I think that’s a result of how I’ve managed to build my writing expectations/tolerance/discipline over the past four months. From almost-daily blog posts to writing an extra 1000-2000 words a day for a month and now I’m continuing that with a brief break from word counts to figure out how to do the editing stuff I want to do. I used to think I’d print this sort of stuff out. That’s what I did for the last story I reached the end of. This story is twice that one’s length, though, and the thought of spending that much money on printing something just so I can have a physical copy of it feels wasteful. Maybe this is the time for me to learn how to use Scrivener.

Regardless, this was an accomplishment. There is more work to do, but I will actually be working on draft two, now. I’m fond of saying “you can’t write draft 2 until you’ve finished draft 1” and explaining that rewriting things before you finish draft 1 is just re-doing draft 1, not writing draft 2, but now I’m actually on draft 2 and the distinction I was making feels kind of pointless. Draft 2 is just draft 1 all over again, but better.

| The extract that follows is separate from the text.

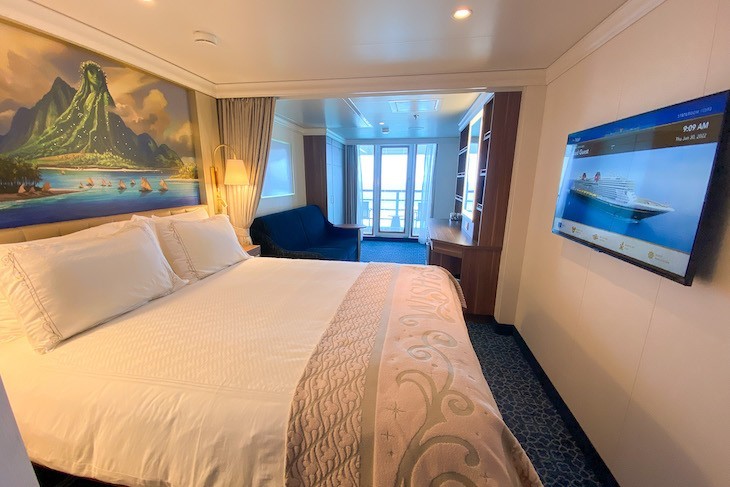 Moana-themed Deluxe Family Oceanview Stateroom with Verandah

As usual, I’m probably overanalyzing this. Nothing wrong with that, though. I’ve earned it since I’ve firmly launched myself into uncharted territory and, so far, it hasn’t stopped me from actually getting work done. Time will tell if this sort of analysis is useful or detrimental to my process, but right now I feel like I should be feeling some kind of way about this and I just don’t feel any kind of way about it. Maybe it’ll finally hit me in a day or three, but right now it just feels like I completed a day’s allotment of writing time and nothing else.